(Given records begins)

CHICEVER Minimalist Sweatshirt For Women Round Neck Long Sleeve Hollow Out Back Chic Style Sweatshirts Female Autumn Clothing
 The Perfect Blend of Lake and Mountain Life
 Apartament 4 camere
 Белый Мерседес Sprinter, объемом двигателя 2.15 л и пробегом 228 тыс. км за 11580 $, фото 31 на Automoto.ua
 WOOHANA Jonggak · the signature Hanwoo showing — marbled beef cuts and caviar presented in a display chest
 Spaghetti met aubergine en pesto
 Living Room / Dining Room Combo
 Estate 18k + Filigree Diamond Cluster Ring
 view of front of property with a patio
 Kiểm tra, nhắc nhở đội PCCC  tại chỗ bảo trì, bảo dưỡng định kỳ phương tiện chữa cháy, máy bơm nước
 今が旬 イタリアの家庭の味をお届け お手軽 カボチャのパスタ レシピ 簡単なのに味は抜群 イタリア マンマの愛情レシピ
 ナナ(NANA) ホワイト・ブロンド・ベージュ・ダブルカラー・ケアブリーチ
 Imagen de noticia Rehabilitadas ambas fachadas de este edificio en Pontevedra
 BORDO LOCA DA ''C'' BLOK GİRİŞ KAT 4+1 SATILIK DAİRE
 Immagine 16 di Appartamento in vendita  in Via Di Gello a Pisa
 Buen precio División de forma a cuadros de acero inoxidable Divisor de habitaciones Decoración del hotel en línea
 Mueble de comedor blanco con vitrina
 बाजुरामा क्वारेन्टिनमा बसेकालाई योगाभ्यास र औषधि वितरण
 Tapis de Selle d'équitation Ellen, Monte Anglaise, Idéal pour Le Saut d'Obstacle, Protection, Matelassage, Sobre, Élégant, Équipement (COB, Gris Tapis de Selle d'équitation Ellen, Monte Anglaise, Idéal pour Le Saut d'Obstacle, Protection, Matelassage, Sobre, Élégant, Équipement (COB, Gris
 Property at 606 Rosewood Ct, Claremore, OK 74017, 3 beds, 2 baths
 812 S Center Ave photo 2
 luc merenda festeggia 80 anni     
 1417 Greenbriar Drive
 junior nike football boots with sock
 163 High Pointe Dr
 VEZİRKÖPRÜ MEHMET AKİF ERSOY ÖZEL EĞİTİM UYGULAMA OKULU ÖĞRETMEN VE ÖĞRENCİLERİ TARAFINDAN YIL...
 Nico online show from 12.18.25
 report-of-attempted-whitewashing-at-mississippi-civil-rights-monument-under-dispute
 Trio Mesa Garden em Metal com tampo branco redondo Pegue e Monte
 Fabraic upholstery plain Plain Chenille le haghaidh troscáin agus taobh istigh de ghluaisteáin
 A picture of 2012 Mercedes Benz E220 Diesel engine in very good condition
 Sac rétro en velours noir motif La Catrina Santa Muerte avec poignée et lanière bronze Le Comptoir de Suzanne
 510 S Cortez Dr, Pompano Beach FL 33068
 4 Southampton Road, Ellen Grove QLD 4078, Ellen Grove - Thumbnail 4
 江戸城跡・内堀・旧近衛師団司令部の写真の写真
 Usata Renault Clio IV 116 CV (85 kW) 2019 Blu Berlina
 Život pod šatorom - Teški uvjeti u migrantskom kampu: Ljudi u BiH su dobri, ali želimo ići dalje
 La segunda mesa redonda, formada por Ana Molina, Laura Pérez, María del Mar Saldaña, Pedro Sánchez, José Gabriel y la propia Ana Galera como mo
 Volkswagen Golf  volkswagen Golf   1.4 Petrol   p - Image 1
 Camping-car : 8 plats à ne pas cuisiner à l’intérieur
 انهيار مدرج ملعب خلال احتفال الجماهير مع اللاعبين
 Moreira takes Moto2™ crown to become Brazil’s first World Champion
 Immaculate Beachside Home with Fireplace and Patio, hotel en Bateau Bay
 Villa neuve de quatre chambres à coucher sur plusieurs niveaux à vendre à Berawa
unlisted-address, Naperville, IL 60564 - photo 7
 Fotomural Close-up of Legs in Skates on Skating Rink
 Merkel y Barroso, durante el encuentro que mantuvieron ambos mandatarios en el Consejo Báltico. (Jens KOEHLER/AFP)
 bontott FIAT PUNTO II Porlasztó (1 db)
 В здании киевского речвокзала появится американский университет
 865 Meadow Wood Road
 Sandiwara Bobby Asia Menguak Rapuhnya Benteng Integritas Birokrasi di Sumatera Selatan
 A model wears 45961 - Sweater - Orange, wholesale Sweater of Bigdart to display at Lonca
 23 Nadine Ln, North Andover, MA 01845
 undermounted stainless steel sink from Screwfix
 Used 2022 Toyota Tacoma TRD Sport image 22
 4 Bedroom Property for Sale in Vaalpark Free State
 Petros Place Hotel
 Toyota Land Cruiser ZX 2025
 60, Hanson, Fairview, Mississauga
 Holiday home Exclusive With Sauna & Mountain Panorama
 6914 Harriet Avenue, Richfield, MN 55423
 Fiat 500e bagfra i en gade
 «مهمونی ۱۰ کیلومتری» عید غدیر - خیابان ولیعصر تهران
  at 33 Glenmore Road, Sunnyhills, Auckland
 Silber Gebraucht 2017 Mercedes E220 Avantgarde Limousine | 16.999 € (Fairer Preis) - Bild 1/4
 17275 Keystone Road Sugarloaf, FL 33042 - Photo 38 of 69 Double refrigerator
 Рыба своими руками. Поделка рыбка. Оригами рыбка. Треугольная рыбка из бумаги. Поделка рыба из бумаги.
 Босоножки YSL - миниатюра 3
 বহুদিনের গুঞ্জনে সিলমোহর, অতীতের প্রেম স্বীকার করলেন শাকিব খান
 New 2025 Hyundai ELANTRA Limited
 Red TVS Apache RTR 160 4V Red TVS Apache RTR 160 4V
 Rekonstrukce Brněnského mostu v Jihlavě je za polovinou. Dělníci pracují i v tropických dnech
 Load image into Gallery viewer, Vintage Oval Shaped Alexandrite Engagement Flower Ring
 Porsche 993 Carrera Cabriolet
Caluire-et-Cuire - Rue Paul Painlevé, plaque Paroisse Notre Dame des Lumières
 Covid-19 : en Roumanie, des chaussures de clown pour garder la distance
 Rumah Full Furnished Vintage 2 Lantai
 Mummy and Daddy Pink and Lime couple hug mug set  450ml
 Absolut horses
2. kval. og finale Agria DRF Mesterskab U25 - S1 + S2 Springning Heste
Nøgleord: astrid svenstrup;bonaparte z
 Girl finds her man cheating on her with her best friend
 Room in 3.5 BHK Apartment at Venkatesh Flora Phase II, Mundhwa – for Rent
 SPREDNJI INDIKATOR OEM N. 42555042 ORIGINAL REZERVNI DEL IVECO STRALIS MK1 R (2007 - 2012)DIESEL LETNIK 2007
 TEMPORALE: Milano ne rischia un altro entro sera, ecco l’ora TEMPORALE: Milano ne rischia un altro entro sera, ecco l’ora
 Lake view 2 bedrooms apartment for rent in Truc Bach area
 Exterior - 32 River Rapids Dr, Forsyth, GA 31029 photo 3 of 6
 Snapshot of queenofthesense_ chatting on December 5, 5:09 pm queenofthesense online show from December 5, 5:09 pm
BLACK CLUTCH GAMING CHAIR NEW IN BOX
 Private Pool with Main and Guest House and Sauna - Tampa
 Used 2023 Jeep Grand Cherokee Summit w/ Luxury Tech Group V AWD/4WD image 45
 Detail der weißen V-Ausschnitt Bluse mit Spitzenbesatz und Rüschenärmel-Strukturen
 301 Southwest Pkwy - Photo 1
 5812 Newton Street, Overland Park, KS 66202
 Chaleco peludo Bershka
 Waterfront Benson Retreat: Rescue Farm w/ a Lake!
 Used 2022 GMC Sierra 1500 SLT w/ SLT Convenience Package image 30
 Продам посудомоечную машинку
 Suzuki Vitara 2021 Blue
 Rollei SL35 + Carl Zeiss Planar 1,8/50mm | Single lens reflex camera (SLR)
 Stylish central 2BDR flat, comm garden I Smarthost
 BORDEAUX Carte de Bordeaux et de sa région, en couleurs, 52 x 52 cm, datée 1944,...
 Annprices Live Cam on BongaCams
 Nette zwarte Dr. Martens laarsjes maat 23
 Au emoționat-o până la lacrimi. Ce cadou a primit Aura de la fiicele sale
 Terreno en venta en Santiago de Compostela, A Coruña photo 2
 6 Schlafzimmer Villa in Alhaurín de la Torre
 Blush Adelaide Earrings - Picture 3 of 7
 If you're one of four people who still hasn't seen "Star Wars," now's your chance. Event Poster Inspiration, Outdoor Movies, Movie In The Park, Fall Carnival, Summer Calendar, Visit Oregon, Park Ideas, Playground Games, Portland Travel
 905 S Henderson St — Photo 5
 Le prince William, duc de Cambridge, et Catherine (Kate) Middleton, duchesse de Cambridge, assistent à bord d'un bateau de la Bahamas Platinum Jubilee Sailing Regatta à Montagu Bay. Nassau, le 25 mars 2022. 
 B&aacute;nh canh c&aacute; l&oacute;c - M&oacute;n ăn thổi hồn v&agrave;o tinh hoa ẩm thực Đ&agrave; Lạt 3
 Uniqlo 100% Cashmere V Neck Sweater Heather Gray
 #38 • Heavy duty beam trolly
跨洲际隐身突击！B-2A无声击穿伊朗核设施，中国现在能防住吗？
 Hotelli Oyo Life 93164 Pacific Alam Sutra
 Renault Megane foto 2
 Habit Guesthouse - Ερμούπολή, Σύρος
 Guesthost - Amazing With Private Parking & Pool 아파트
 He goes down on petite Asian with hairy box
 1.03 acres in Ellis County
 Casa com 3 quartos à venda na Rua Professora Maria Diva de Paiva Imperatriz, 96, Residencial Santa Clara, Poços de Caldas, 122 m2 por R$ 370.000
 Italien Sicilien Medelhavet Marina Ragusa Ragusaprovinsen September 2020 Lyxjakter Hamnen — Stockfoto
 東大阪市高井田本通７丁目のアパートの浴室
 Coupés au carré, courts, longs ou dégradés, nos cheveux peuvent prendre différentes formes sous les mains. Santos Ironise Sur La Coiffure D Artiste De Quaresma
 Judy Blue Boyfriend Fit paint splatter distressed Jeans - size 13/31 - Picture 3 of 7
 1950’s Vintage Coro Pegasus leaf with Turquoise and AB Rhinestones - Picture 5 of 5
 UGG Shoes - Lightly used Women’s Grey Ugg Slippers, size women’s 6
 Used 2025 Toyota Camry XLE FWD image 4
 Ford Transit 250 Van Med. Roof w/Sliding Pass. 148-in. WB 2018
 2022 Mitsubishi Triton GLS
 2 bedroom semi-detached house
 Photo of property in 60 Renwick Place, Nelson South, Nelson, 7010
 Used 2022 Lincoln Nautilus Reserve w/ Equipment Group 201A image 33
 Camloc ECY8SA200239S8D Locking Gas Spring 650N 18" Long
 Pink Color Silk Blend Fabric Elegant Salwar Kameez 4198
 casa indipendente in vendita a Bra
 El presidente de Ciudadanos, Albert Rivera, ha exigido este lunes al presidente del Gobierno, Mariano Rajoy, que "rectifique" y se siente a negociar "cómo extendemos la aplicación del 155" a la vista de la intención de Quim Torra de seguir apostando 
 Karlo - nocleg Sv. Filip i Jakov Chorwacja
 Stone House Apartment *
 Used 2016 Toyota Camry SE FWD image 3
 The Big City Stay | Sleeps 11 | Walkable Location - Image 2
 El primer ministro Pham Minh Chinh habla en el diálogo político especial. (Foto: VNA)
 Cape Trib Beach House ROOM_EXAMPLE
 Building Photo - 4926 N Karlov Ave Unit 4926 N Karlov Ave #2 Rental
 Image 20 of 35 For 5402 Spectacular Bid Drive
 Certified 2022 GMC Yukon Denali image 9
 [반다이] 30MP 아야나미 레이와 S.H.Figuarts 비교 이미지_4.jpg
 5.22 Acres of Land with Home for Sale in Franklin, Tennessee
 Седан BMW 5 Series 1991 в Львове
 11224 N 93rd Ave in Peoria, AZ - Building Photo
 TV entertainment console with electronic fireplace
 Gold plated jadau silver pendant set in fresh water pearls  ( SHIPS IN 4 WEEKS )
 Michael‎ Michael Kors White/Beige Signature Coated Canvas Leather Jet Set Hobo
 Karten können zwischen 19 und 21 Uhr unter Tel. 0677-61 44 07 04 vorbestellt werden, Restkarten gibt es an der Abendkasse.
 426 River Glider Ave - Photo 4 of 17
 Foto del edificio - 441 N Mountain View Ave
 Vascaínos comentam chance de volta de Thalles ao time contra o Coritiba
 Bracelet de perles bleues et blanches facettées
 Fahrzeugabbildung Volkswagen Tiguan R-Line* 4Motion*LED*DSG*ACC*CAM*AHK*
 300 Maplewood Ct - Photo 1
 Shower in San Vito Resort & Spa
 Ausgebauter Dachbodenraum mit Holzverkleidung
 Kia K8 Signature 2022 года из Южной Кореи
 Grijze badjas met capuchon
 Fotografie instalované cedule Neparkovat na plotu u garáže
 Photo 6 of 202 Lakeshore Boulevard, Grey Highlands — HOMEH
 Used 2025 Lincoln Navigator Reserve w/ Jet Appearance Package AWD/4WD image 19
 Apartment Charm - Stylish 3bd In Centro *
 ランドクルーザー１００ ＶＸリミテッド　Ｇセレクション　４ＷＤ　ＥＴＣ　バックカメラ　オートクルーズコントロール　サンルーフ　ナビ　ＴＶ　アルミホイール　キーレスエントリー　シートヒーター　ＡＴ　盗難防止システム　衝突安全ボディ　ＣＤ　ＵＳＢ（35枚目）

(Given records ends)

» **Instructions to follow**
Starting at the line with "4 Southampton Road, Ellen" and ending at the line with "Silber Gebraucht 2017", print each line of the listing above exactly, with no other lines.

» **Expected answer**
 4 Southampton Road, Ellen Grove QLD 4078, Ellen Grove - Thumbnail 4
 江戸城跡・内堀・旧近衛師団司令部の写真の写真
 Usata Renault Clio IV 116 CV (85 kW) 2019 Blu Berlina
 Život pod šatorom - Teški uvjeti u migrantskom kampu: Ljudi u BiH su dobri, ali želimo ići dalje
 La segunda mesa redonda, formada por Ana Molina, Laura Pérez, María del Mar Saldaña, Pedro Sánchez, José Gabriel y la propia Ana Galera como mo
 Volkswagen Golf  volkswagen Golf   1.4 Petrol   p - Image 1
 Camping-car : 8 plats à ne pas cuisiner à l’intérieur
 انهيار مدرج ملعب خلال احتفال الجماهير مع اللاعبين
 Moreira takes Moto2™ crown to become Brazil’s first World Champion
 Immaculate Beachside Home with Fireplace and Patio, hotel en Bateau Bay
 Villa neuve de quatre chambres à coucher sur plusieurs niveaux à vendre à Berawa
unlisted-address, Naperville, IL 60564 - photo 7
 Fotomural Close-up of Legs in Skates on Skating Rink
 Merkel y Barroso, durante el encuentro que mantuvieron ambos mandatarios en el Consejo Báltico. (Jens KOEHLER/AFP)
 bontott FIAT PUNTO II Porlasztó (1 db)
 В здании киевского речвокзала появится американский университет
 865 Meadow Wood Road
 Sandiwara Bobby Asia Menguak Rapuhnya Benteng Integritas Birokrasi di Sumatera Selatan
 A model wears 45961 - Sweater - Orange, wholesale Sweater of Bigdart to display at Lonca
 23 Nadine Ln, North Andover, MA 01845
 undermounted stainless steel sink from Screwfix
 Used 2022 Toyota Tacoma TRD Sport image 22
 4 Bedroom Property for Sale in Vaalpark Free State
 Petros Place Hotel
 Toyota Land Cruiser ZX 2025
 60, Hanson, Fairview, Mississauga
 Holiday home Exclusive With Sauna & Mountain Panorama
 6914 Harriet Avenue, Richfield, MN 55423
 Fiat 500e bagfra i en gade
 «مهمونی ۱۰ کیلومتری» عید غدیر - خیابان ولیعصر تهران
  at 33 Glenmore Road, Sunnyhills, Auckland
 Silber Gebraucht 2017 Mercedes E220 Avantgarde Limousine | 16.999 € (Fairer Preis) - Bild 1/4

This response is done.